Rauschenberg, reproduciendo.

«Si se tiene en cuenta la disolución de todo sentido de continuidad y de memoria históricas, y un rechazo de los meta-relatos, el único rol que le queda al historiador es, por ejemplo, convertirse, como Foucault, en un arqueólogo del pasado, desenterrar sus vestigios como lo hizo Borges en su ficción, para articularlos entre sí en el museo del conocimiento moderno.» Dicho de otro modo: no hay verdad unívoca, sino construcciones voluntarias. «Esta pérdida de continuidad histórica en los valores y las creencias, junto con la reducción de la obra de arte a un texto que acentúa la discontinuidad y la alegoría, plantea todo tipo de problemas para el juicio estético y crítico. Al rechazar (y «deconstruir» activamente) todas las pautas autoritativas y supuestamente inmutables del juicio estético, el posmodernismo puede juzgar el espectáculo en función de su carácter espectacular.» (p. 75 ambas citas). A todo esto se le añade la pérdida de profundidad (que también adelantó Jameson) como consecuencia lógica de la disolución de los grandes relatos o discursos.

Todo lo anterior, aclara Harvey, se ha expuesto en términos intencionadamente abstractos y puede parecer, a priori, como algo alejado del día a día. Nada más lejos de la realidad. La democratización del arte ha significado un acercamiento entre «la alta cultura» y la «cultura popular». Aprendiendo de Las Vegas proponía tomar ejemplo de los gustos populares: de la ciudad de Las Vegas, incluso de Levittown, lugares denostados por la crítica pero amados por el público. O Disneylandia, simulacro adorado por todos.

Por ello, Harvey se plantea si, como propone Jameson, el posmodernismo es la lógica cultural del capitalismo avanzado: su estadio postrero, cuando se ha inmiscuido en todas las formas y aspectos de la vida.

Mientras que algunos dirían que los movimientos contra-culturales de la década de 1960 crearon un ambiente de necesidades insatisfechas y deseos reprimidos que la producción cultural popular del posmodernismo se ha propuesto simplemente satisfacer lo mejor que pueda a través de la forma de la mercancía, otros sugieren que, para sostener sus mercados, el capitalismo se ha visto en la necesidad de producir deseo, de despertar la sensibilidad de los individuos creando así una nueva estética por sobre las formas tradicionales de la alta cultura y en contra de estas.
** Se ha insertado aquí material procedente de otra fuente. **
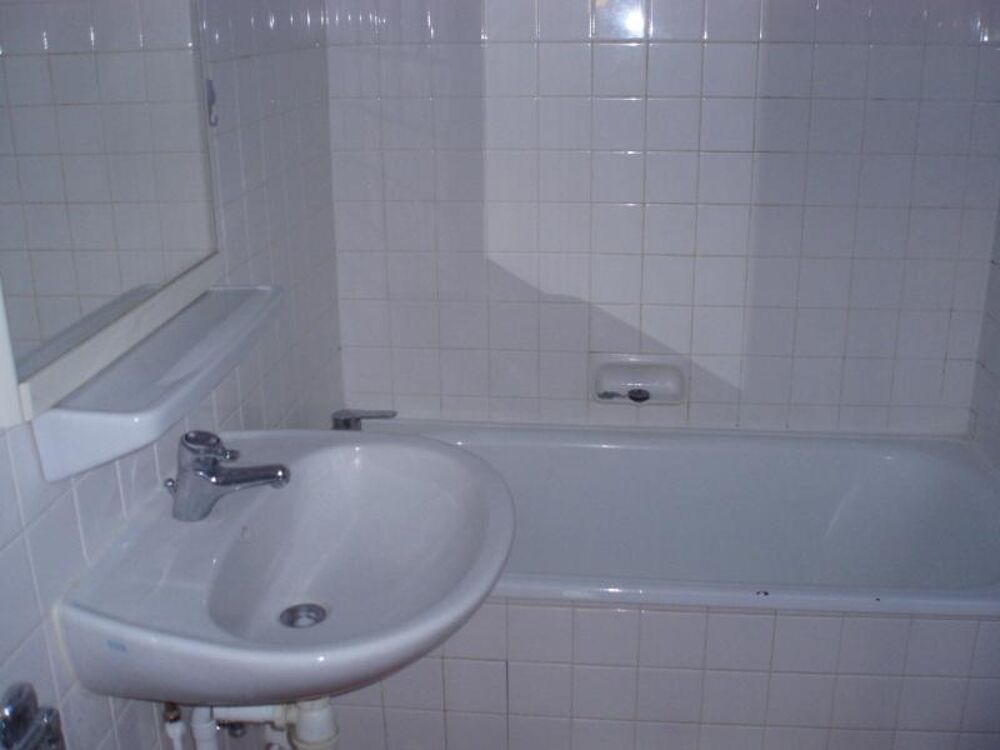 location Appartement - 2 pièce(s) - 44 m² Mâcon (71000)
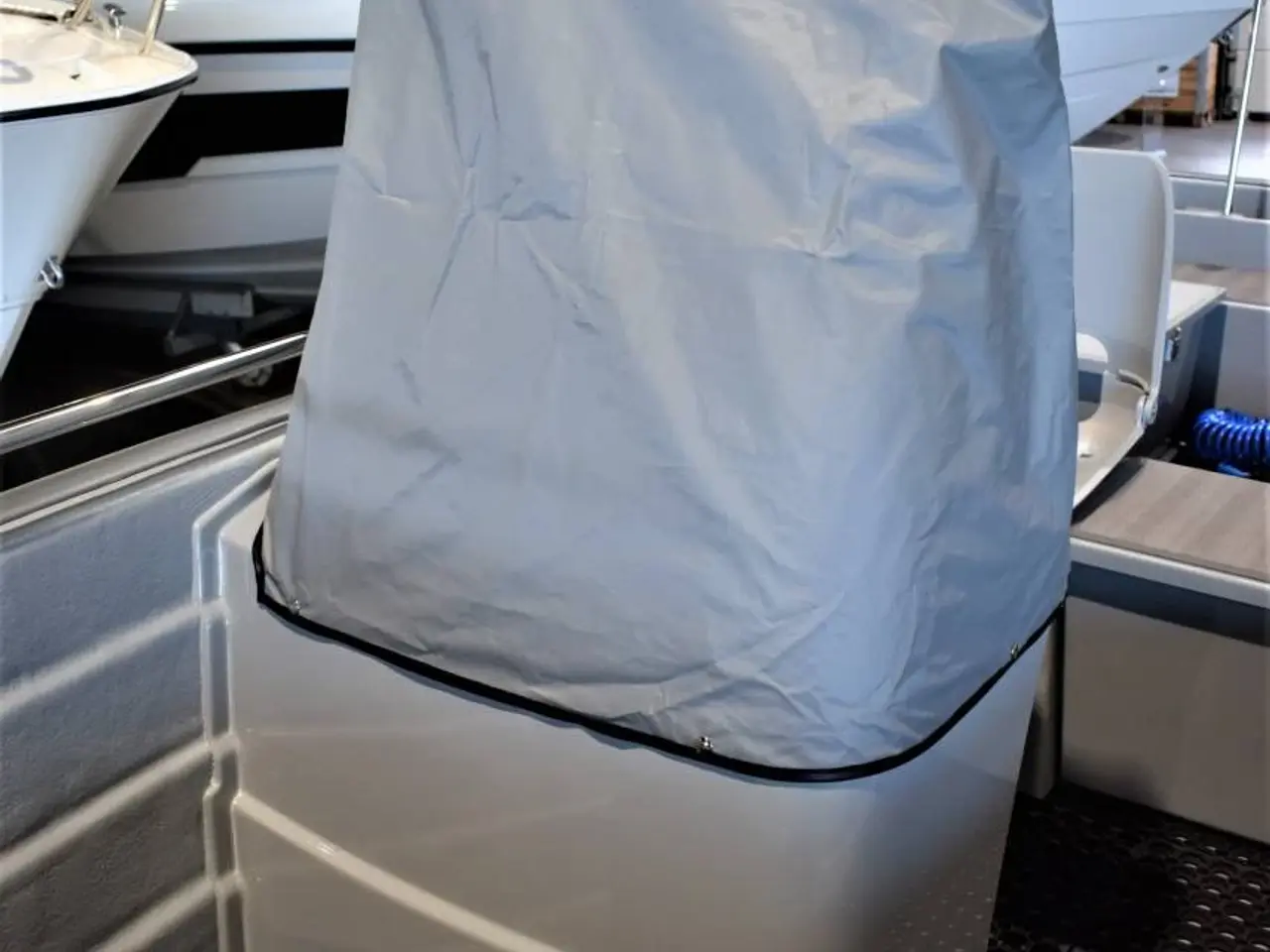 Billede 11 - Sting 535 PRO - 50 HK Yamaha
En cualquiera de los dos casos, creo que es importante aceptar la proposición según la cual la evolución cultural ocurrida desde comienzos de la década de 1960 no se produjo en un vacío social, económico o político. El despliegue de la publicidad como «arte oficial del capitalismo» incorpora las estrategias de la publicidad al arte y el arte a las estrategias de la publicidad (…).

El posmodernismo es, por lo tanto, más que una corriente estilística o artística: «su arraigo en la vida cotidiana es uno de sus rasgos transparentes más manifiestos», ya sea en la moda y su aceleración constante, el arte pop, la televisión o «la diversidad de estilos de vida urbanos que han pasado a ser parte de la vida cotidiana bajo el capitalismo». Para acabar de aprehender lo que supone el posmodernismo, Harvey lo desplaza a un contexto muy concreto: el urbano. Allí, viendo los cambios que supone y cómo ha modificado la fisonomía de las ciudades, obtiene una conclusión que será la tesis del libro y que le llevará a explorar el paso del fordismo a la acumulación flexible.